Stage 1 restrictions, which went into effect Aug. 28, have resulted in a 16 percent reduction in daily water consumption, officials said.

"If we eliminate irrigation altogether ... then it could result in another significant drop in our customer demand, which would increase the amount of water-supply-days remaining out there," Crisp said.

But City Manager Russell Allen said he doesn't think Stage 2 restrictions will be needed, saying Stage 1 limits were working.


Please with your account to comment on this story. You also will need a Facebook account to comment.

Oldest First
View all
  • lizard Sep 29, 2007

    zProt- they got you big time, dude! Complete with the "if-you- don't-believe-me-you're-not-intelligent" line.

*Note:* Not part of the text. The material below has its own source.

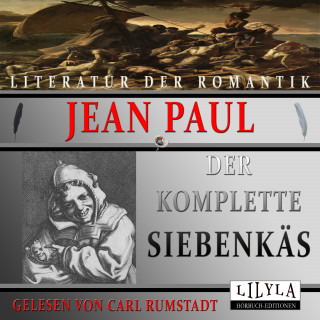 Jean Paul: Der komplette Siebenkäs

    Temperature checks in the atmosphere indicate cooling not warming. The ones that say otherwise do it for the money. They don't get their grants if they don't say things like that. Then they would have to go get real jobs and pay taxes for their chicken little prophesies. Can't you remember the Y2K scare we spent $66 billion on?

  • zProt Sep 28, 2007

    "Humans have not been keeping detailed and accurate weather records long enough to make a determination about global warming. The warmer temperatures could simply be part of a natural climatic cycle that operates on a period of thousands or tens of thousands of years, far longer than humans have been keeping records."

    This is exactly where your logic flubs it, dude. Climatologists and geologists can find out more about past weather patterns than you can about your own behind. Go get an education.

  • pmlance Sep 28, 2007

    The answer is that in most cases the HOA can walk onto your property to check something and it isn't illegal. This is a typical clause in a neighborhood covenant. Once you sign it (and signing it is a condition of buying) you are contractually bound to this. There is nothing illegal or strange about it. It is contract law 101. The thing is, many do not read their covenant, and do not realize that by signing it they are agreeing to wave certain things and take on certain responsibilities.

  • gopanthers Sep 28, 2007

    Deb1003 - I see mine walking around from time to time but again, never seen them in my backyard and "again" not to say they never have. I know they have rules and guidelines to adhere to, but walking into your backyard without your permission would be illegal one would think. But what do I know. Not a member of an HOA nor work for any part of the legal system. Just an everyday/common citizen here. (:

  • gopanthers Sep 28, 2007

    You are correct sir. LOL - No I wouldn't personally do that. Now picking up the phone and reporting water waste is a whole different ball game. That I would do.

  • Deb1003 Sep 28, 2007

    gopanthers, I don't know about your HOA, but I regularly see them walking through our backyards. In fact, I called my neighbor 6 months ago to warn her about a man walking around the back of her home. She approached him and later told me he was w/ the HOA. So, apparently our HOA will walk around homes to inspect them and issue warnings based on that inspection.

  • yacs Sep 28, 2007

    You "hear" that, eh, gopanthers? Not speaking from experience, right?


  • yacs Sep 28, 2007

    I have to laugh at the detractors who are claiming this is all just a conspiracy to get us to conserve. Why would someone try to trick us into conserving if it's not necessary?

    If anyone thinks it's not necessary to save water right now, go look at some of this year's crops. This drought exists, and we need a short-term solution.

    I agree that it will balance itself out in the long run, but it might not do so before we run out. We should cut back now, then return to our old habits after the drought is over.

  • gopanthers Sep 28, 2007

    You are correct sir. I hear Bleach works just as good.

  • yacs Sep 28, 2007

    Yogi: "i'm proud of my extra crispy lawn. i think the people that keep watering need to have someone run through their yard with round-up sprayed on their shoes."

    Yogi, I suggest one change to your amusing plan -- instead of running around randomly, the Round-uppers should spell out certain words in those lawns!